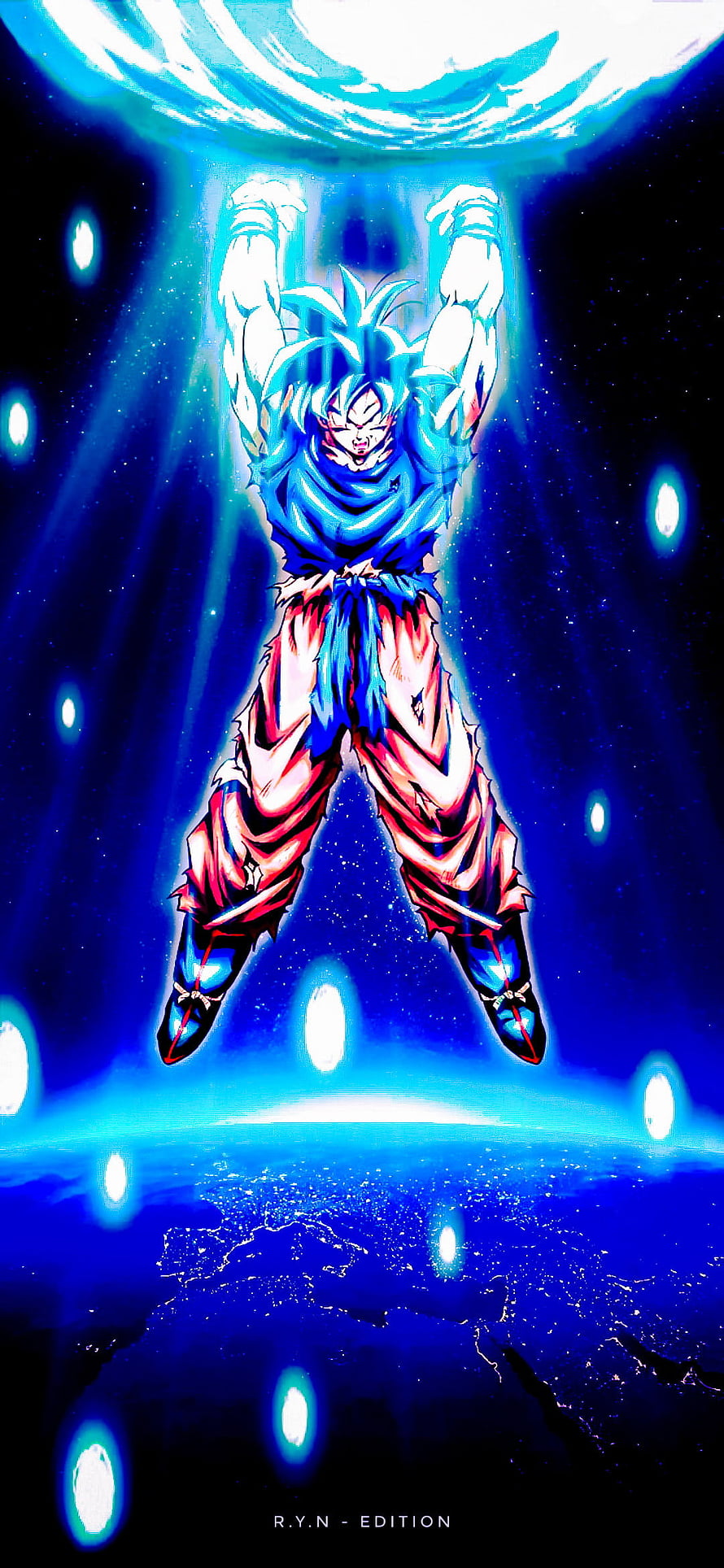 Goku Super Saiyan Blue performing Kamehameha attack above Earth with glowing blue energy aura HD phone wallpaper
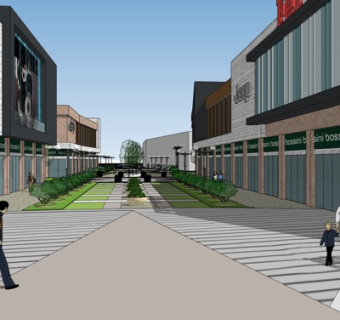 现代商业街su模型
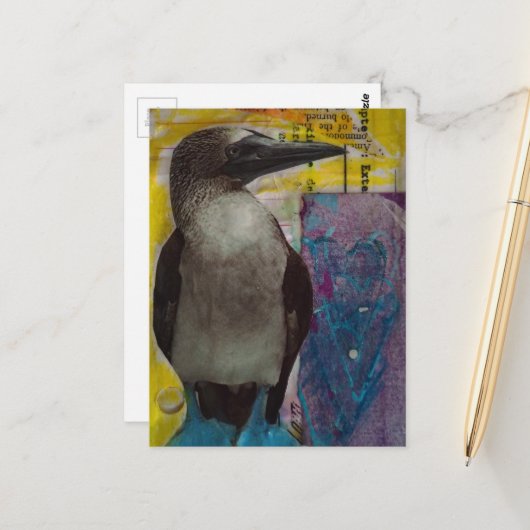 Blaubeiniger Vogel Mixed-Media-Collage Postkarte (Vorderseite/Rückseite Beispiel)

Work task: Reproduce all lines above exactly. Leave the images out.

Task answer:
 Goku Super Saiyan Blue performing Kamehameha attack above Earth with glowing blue energy aura HD phone wallpaper
 现代商业街su模型
 Blaubeiniger Vogel Mixed-Media-Collage Postkarte (Vorderseite/Rückseite Beispiel)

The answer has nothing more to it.